HDFS has a master and slave kind of architecture. Namenode acts as master and Datanodes as worker. All the metadata information is with namenode and the original data is stored on the datanodes. Keeping all these in mind the below figure will give idea about how data flow happens between the Client interacting with HDFS, i.e. the Namenode and the Datanodes.


The following steps are involved in reading the file from HDFS:
Let’s suppose a Client (a HDFS Client) wants to read a file from HDFS.

Step 1: First the Client will open the file by giving a call to open() method on FileSystem object, which for HDFS is an instance of DistributedFileSystem class.

Step 2: DistributedFileSystem calls the Namenode, using RPC (Remote Procedure Call), to determine the locations of the blocks for the first few blocks of the file. For each block, the NameNode returns the addresses of all the DataNode’s that have a copy of that block. Client will interact with respective DataNode’sto read the file. NameNode also provide a token to the client which it shows to data node for authentication.

The DistributedFileSystem returns an object of FSDataInputStream(an input stream that supports file seeks) to the client for it to read data from FSDataInputStream in turn wraps a DFSInputStream, which manages the datanode and namenode I/O

Step 3: The client then calls read() on the stream. DFSInputStream, which has stored the DataNode addresses for the first few blocks in the file, then connects to the first closest DataNode for the first block in the file.

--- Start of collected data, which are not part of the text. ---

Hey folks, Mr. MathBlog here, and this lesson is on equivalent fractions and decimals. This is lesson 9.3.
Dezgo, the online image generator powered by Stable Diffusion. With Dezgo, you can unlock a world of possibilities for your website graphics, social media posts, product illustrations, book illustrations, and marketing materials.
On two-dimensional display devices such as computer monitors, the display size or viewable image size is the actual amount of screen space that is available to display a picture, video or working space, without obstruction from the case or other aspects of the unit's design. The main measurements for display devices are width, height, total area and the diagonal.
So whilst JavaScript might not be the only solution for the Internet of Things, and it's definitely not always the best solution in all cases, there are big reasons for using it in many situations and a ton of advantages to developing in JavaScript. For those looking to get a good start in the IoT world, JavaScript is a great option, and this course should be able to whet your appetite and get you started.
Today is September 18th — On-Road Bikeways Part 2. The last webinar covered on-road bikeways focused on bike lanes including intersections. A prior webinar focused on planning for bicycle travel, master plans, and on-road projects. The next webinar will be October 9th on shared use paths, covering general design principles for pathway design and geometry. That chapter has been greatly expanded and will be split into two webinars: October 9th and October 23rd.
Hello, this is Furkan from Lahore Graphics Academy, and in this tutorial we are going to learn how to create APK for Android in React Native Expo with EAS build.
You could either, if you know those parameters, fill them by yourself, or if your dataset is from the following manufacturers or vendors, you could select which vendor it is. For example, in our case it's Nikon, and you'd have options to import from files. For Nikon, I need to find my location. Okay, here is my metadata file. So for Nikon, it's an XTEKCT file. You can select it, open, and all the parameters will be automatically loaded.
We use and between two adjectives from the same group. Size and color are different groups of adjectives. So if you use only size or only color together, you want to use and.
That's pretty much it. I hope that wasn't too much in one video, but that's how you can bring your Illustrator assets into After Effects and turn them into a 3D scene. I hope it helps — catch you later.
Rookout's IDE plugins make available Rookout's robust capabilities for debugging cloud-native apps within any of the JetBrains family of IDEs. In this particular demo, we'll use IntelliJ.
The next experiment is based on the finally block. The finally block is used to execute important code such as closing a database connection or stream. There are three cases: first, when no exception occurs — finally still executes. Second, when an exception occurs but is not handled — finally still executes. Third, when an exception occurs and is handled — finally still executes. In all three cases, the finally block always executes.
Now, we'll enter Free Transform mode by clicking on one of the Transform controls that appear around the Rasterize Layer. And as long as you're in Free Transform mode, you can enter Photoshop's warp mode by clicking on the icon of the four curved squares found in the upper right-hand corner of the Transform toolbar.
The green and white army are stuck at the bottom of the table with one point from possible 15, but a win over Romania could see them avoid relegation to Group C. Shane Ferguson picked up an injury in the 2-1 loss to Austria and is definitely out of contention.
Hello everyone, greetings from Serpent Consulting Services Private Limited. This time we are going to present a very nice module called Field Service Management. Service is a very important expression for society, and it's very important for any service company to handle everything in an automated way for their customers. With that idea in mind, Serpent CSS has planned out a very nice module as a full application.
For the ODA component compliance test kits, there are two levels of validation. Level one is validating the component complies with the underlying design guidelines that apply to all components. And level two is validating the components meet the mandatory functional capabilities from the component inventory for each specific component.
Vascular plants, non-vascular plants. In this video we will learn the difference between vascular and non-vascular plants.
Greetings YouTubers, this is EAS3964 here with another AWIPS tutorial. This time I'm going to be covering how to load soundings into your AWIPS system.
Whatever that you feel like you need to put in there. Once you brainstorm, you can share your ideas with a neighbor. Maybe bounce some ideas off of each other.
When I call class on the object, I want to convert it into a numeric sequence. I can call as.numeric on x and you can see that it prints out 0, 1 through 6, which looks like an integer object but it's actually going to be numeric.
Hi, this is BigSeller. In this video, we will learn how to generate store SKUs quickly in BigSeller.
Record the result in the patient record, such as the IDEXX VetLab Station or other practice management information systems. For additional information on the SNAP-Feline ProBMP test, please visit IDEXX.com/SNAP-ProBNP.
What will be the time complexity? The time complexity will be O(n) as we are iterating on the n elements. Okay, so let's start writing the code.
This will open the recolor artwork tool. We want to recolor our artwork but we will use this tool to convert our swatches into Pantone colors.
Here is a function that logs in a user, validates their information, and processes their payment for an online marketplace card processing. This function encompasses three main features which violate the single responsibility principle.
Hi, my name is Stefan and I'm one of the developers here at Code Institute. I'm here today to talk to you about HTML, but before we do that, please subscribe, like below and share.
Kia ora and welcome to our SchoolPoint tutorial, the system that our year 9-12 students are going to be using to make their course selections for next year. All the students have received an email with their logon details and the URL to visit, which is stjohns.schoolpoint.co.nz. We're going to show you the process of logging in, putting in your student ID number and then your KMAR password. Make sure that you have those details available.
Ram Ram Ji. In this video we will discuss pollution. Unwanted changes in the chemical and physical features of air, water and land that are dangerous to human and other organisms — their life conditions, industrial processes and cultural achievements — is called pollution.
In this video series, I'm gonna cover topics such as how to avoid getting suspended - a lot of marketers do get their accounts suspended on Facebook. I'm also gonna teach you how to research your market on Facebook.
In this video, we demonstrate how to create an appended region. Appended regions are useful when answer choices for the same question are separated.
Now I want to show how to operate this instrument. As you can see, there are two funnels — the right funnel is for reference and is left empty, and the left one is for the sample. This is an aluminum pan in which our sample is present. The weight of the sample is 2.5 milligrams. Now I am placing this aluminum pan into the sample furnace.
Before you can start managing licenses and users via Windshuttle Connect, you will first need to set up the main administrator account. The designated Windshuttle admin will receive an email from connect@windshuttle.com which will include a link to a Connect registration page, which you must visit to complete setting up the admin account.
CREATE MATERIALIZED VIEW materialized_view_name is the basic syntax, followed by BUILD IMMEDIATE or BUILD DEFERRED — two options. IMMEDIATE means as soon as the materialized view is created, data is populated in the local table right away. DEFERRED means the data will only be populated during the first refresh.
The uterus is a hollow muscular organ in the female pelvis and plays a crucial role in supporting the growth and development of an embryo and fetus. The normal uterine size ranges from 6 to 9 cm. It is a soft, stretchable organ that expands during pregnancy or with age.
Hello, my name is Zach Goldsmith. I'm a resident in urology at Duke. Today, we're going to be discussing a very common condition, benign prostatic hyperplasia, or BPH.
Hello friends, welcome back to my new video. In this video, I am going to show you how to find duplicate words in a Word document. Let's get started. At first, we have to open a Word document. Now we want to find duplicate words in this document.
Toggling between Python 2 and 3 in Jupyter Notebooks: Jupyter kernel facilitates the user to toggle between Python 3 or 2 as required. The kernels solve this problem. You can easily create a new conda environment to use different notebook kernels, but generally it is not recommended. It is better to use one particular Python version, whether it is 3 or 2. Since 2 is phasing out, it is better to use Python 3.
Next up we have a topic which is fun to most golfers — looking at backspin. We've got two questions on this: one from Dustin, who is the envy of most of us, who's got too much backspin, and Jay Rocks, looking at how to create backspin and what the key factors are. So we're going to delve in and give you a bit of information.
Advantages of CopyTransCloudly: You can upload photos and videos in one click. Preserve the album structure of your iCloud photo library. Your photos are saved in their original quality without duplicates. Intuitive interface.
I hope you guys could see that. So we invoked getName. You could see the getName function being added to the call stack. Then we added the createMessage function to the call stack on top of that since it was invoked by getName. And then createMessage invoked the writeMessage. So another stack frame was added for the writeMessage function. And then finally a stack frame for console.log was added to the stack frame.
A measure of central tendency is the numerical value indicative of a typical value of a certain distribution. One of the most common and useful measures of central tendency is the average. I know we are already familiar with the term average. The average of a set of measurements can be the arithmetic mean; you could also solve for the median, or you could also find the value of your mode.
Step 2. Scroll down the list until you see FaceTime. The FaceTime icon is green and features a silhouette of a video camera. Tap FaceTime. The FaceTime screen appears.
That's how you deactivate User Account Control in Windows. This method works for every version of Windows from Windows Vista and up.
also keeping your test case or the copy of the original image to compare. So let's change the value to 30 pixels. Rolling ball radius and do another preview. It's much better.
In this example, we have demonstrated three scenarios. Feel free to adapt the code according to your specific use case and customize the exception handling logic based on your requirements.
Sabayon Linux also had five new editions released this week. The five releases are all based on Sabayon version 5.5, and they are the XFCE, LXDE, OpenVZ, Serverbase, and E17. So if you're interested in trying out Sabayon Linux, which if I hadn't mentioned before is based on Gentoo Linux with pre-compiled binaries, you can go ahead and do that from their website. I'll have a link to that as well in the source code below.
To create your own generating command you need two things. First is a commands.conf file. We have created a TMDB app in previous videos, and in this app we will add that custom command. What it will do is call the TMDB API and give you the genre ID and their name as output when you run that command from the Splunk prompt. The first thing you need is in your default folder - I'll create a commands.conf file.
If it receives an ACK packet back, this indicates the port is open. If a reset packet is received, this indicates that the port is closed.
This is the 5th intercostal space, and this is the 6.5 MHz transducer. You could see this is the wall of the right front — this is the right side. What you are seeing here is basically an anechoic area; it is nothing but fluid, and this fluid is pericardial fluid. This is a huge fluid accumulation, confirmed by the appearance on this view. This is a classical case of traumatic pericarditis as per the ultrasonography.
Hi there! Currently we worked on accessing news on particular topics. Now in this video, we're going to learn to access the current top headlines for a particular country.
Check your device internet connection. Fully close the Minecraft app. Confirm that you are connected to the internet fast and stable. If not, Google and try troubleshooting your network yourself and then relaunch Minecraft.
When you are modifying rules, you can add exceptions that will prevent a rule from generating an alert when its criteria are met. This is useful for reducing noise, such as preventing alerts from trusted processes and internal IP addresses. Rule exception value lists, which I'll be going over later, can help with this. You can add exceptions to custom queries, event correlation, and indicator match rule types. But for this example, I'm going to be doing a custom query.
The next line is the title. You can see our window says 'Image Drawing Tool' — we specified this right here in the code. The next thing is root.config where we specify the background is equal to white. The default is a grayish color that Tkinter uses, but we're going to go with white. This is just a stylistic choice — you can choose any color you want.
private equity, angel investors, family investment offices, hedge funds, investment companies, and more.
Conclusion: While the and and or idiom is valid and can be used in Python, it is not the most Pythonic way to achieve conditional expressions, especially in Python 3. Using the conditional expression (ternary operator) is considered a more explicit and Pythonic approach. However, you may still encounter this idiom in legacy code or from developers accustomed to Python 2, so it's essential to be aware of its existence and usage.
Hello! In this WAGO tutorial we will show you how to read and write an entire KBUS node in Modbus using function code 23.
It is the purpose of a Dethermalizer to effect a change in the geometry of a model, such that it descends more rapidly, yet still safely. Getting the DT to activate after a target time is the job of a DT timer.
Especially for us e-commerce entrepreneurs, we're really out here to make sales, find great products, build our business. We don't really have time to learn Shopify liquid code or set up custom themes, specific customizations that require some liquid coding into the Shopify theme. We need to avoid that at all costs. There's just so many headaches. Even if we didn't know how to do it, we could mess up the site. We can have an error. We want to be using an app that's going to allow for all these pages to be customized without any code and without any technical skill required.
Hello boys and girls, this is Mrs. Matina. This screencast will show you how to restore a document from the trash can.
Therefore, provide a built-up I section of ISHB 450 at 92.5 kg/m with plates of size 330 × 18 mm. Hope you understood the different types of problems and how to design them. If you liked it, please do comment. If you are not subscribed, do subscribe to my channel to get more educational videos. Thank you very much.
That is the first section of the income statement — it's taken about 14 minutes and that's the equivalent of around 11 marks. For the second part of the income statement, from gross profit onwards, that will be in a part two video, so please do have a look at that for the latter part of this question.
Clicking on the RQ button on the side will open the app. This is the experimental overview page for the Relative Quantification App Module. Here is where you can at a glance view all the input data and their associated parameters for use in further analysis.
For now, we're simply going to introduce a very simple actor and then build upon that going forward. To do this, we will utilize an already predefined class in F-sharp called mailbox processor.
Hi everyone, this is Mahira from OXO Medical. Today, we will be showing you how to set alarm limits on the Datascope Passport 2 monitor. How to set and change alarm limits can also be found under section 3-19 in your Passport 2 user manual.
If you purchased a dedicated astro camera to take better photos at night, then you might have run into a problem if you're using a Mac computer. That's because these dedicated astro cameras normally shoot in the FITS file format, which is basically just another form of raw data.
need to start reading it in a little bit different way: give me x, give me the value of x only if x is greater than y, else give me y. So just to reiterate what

Step 4: Data is streamed from the DataNode back to the client, which calls read() repeatedly on the stream.

Step 5: When the end of the block is reached, DFSInputStream will close the connection to the DataNode , then find the best DataNode for the next block. This happens transparently to the client, which from its point of view is just reading a continuous stream.

Step 6: Blocks are read in order, with the DFSInputStream opening new connections to datanodes as the client reads through the stream. It will also call the namnode to retrieve the datanode locations for the next batch of blocks as needed. When the client has finished reading, it calls close() on the FSDataInputStream.